Institutional economics is inevitably political and it's focus mainly a junction between economy and law. For the purpose of this, a central national state forms and forces its own legalities to determine itself in the game of economic performances and behaviours to be the ruler of  ‘the game’ in its ‘society’ (North, 199053). We are in a world of ‘knowledge-based economy’ which is significantly different than ‘traditional-based economy’ (see, David Skyrme Associates, perhaps ‘creative-based economy’ in the future). Nevertheless, for ICT, the Government in Turkey has an embarrassing ‘de facto Policy’ (also called ‘Informal Policy’). This de facto policy is seen as best option/practice recommendations, which are driven by a dominant position within publicly accepted and/or sectorally forced markets. Does de facto ICT policy promise to increase marketplace values (efficiency, interoperability and innovation)? That is an internationally controversial question.

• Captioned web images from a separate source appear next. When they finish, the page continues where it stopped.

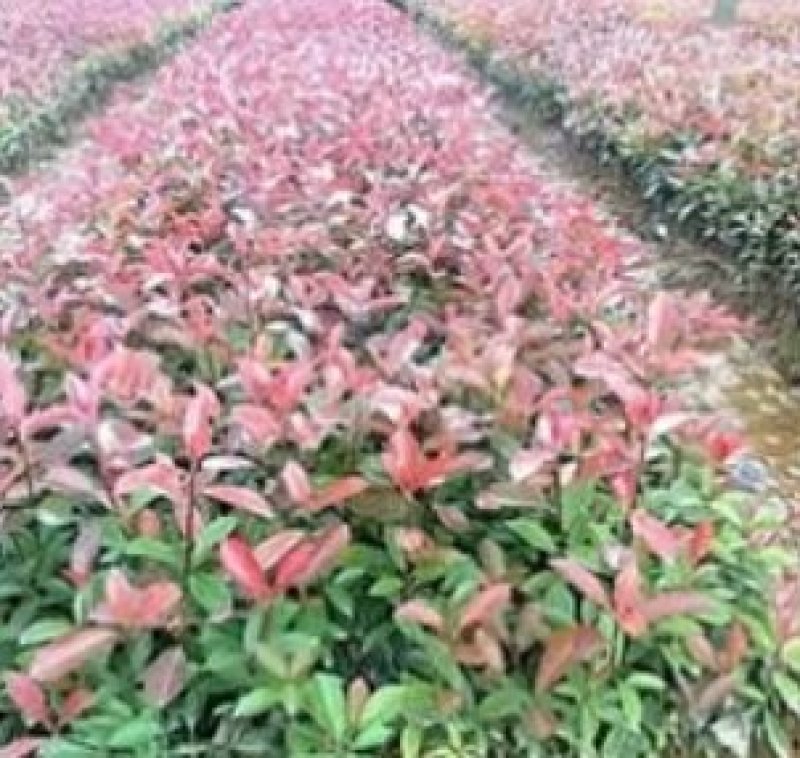 红叶石楠一种非常美观又十分珍贵的景观性观赏植物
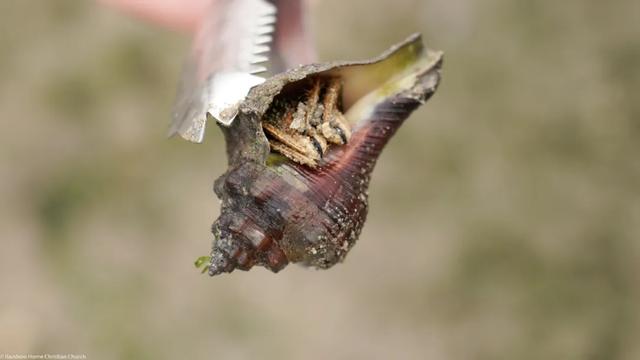 去赶海啦!新加坡海滩竟然也有寄居蟹、花蟹、龙虾、海星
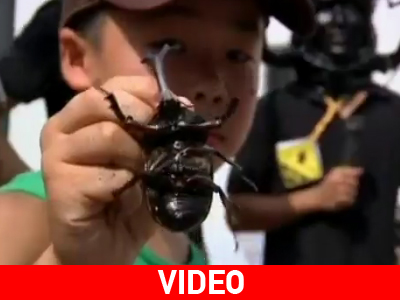 Τα σκαθάρια ποιος τα ρώτησε;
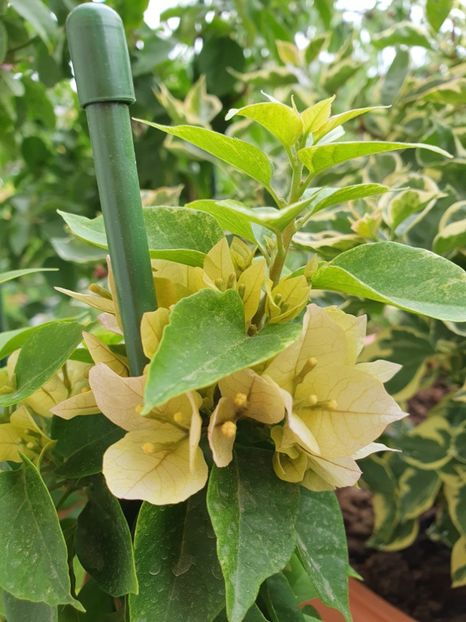  - Bouga Batik kuning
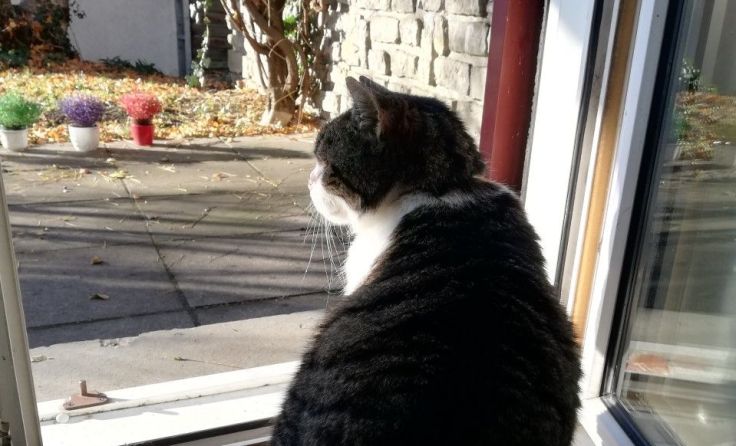 Kinder schreiben im Haushofer-Gedenkjahr u. a. „Katzengeschichten“. Foto: Frech
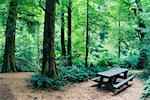 Buche Myrten in Regenwald, Yarra Ranges-Nationalpark, Victoria, Australien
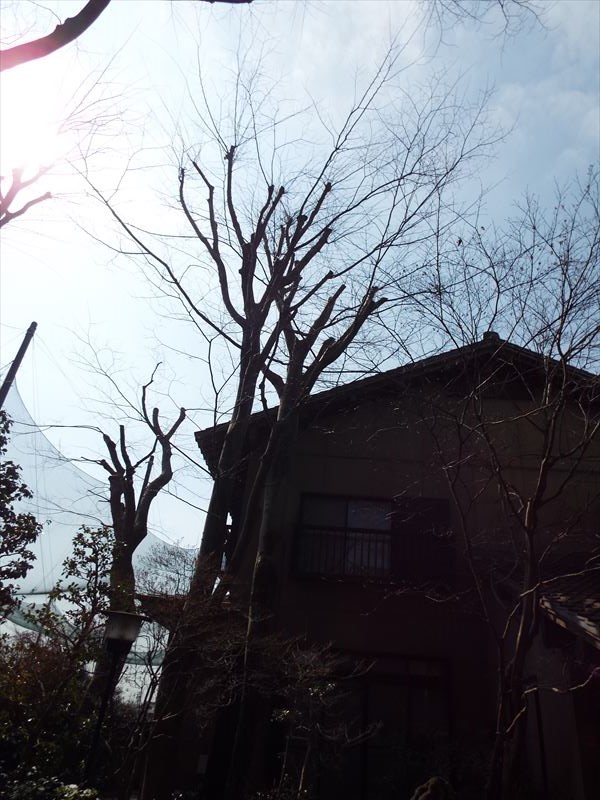 c0108198_18115664.jpg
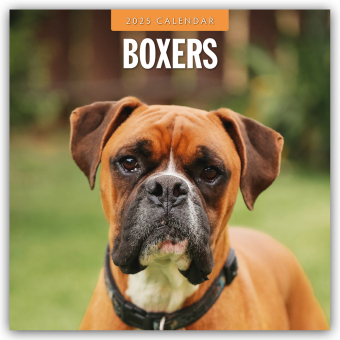 Boxers 2025 Square Wall Calendar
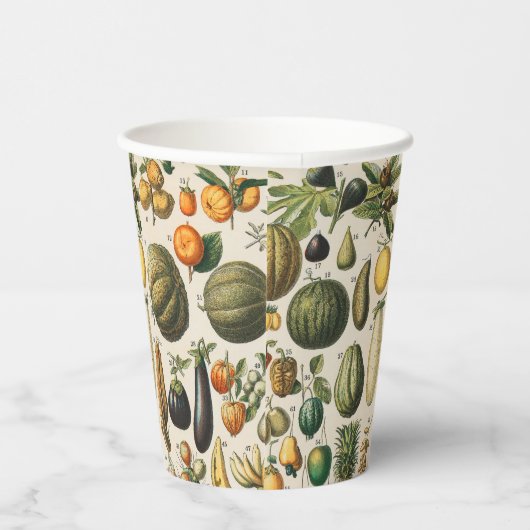 Fruit plantaardige botanische wetenschappelijke il papieren bekers (Rechts)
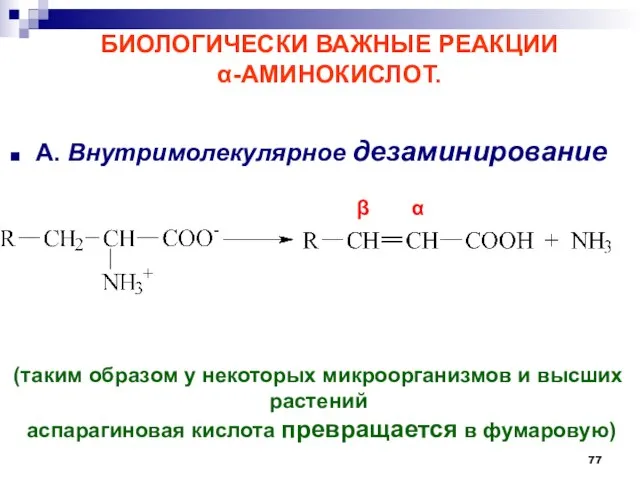 БИОЛОГИЧЕСКИ ВАЖНЫЕ РЕАКЦИИ -АМИНОКИСЛОТ. А. Внутримолекулярное дезаминирование (таким образом у некоторых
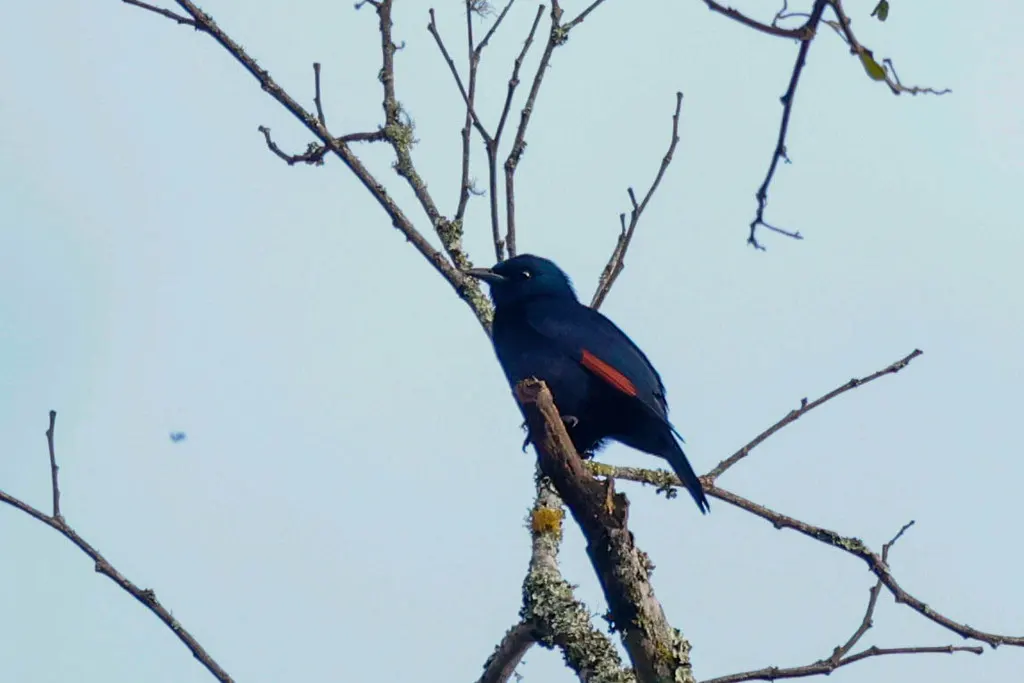 高山栗翅椋鸟(Onychognathus walleri)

It is clear that leading nations/governments cannot afford to not be a key player in the future, and it is obvious that the future is shaped by global corporations (e.g. Microsoft, Google, Apple, Samsung etc.). So, governments must have interactions/connections with global giant corporations. However, the crucial concept should be to follow or (ideally) to lead technological changes and innovations, not to purely answer and meet the current needs and requirements of a national state through dominant ICT suppliers (currently Microsoft in Turkey). The Government should perceive a birds-eye view of Turkey’s capability instead of being dazzled by distinguished-looking giant corporations’ offers/freebies. The Turkey-ICT RTD Technological Audit Report (201154) highlighted that “Turkey, in order not to lose ground, has to perform key efforts for successfully sustaining and improving her ground” (p.6) and “Turkey is performing under its potential” (p.8). Thus, there is a poor strategic plan in ICT. Nevertheless, it is still difficult to argue or conclude whether these complex interactions/connections are monopolistic or benign, but they are definitely strategic and momentous influencers.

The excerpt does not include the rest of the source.